The excerpts from the Ailey dances the three performers chose had a subtext that could be summed up in a single word: overcoming. The dances were overtly about racism or the diminishment of women, but the kids easily applied the messages to their own situations.

"It's always very emotional coming here," says Bozeman. "I actually have a brother who's autistic, and I feel so connected to these kids. Their spirit is so bright. It's so refreshing just to see them move. I could just sit and just talk to them all day.

"We tour so much, and we dance so much, so often times we don't get that opportunity to have that one on one or that interaction in an intimate setting. So being here is so refreshing. They may have some limitations, but in their minds, they're not limited."

The students possess a full range of disabilities, but from another perspective, you could equally say that they possess a full range of abilities. In addition to academics, Cotting School offers art, music, computers, and sports in facilities that would make most schools, public and private, envious.

And the kids really love to dance.

"The first time I led the group here," Boykin says, "we didn't do audience participation. One little girl was in the back, waving. She said, 'What happened? I brought my dance shoes!'

"It broke my heart," Boykin recalls. "I said to myself, that's selfish of me to think that because they might not be capable, we shouldn't offer audience participation. In fact, they're completely capable. They are here in this environment that loves them just how they are. And in their minds they can do anything.

"When those wheelchairs roll out," she adds, "when their guides come with them, it changes everything, because if a finger can move, they're a part of it. And you see it and it breaks us, but it breaks us in the right way. That's because we're reminded that not everything is as easy for other people as it is for us."

Talking with the dancers after the visit/performance makes one wonder who gets more out of the experience - the students or the dancers.

"It is just so inspiring to see how dance is in everybody," Harris says. " You don't have to train to be a dancer. We work hard at dance, of course, but these kids, they come up on the stage and they find just as much story, just as much love in it as we do. It brings them freedom. It brings that into my heart watching them do it."

Boykin performed an excerpt from a ballet honoring Odetta, the singer known as "the Voice of the Civil Rights Movement." The dance features the singer's words admonishing people not to play small as they go through their lives. At the Cotting performance, Odetta's words affected Boykin to the point where she thought she might not be able to finish the dance.

"Odetta's asking," Boykin says, "'Who are we to lower ourselves to make other people feel good about themselves, by taking a back seat to them? When we actually take our rightful place, then people are uplifted by what we do.'

"And what Odetta said made so much sense to me as I was dancing," Boykin adds. "It was so impactful walking forward today with those kids watching, listening to her say those words.
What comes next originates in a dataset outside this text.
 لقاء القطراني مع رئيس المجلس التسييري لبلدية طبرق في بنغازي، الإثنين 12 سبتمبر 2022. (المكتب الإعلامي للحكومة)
"I was like, 'Is this a good idea, girl? Are you gonna make it through? It was interesting just to see if I could finish the ballet."

After the audience participation number, the Ailey dancers performed excerpts from the troupe's signature number, Revelations, and they rocked the house.

"It's good for our soul, too," Bozeman adds. "Just because we get to give back. That was one of Mr. Ailey's missions -- that dance came from the people and it should be given back to people. All people. Including the kids at Cotting School."

Ailey's visits to the Cotting School have been sponsored by the Peabody Foundation of Framingham for the past 20 years.

The Alvin Ailey American Dance Theater appears at the Citi Wang Theatre March 26-29 as part of the Celebrity Series of Boston.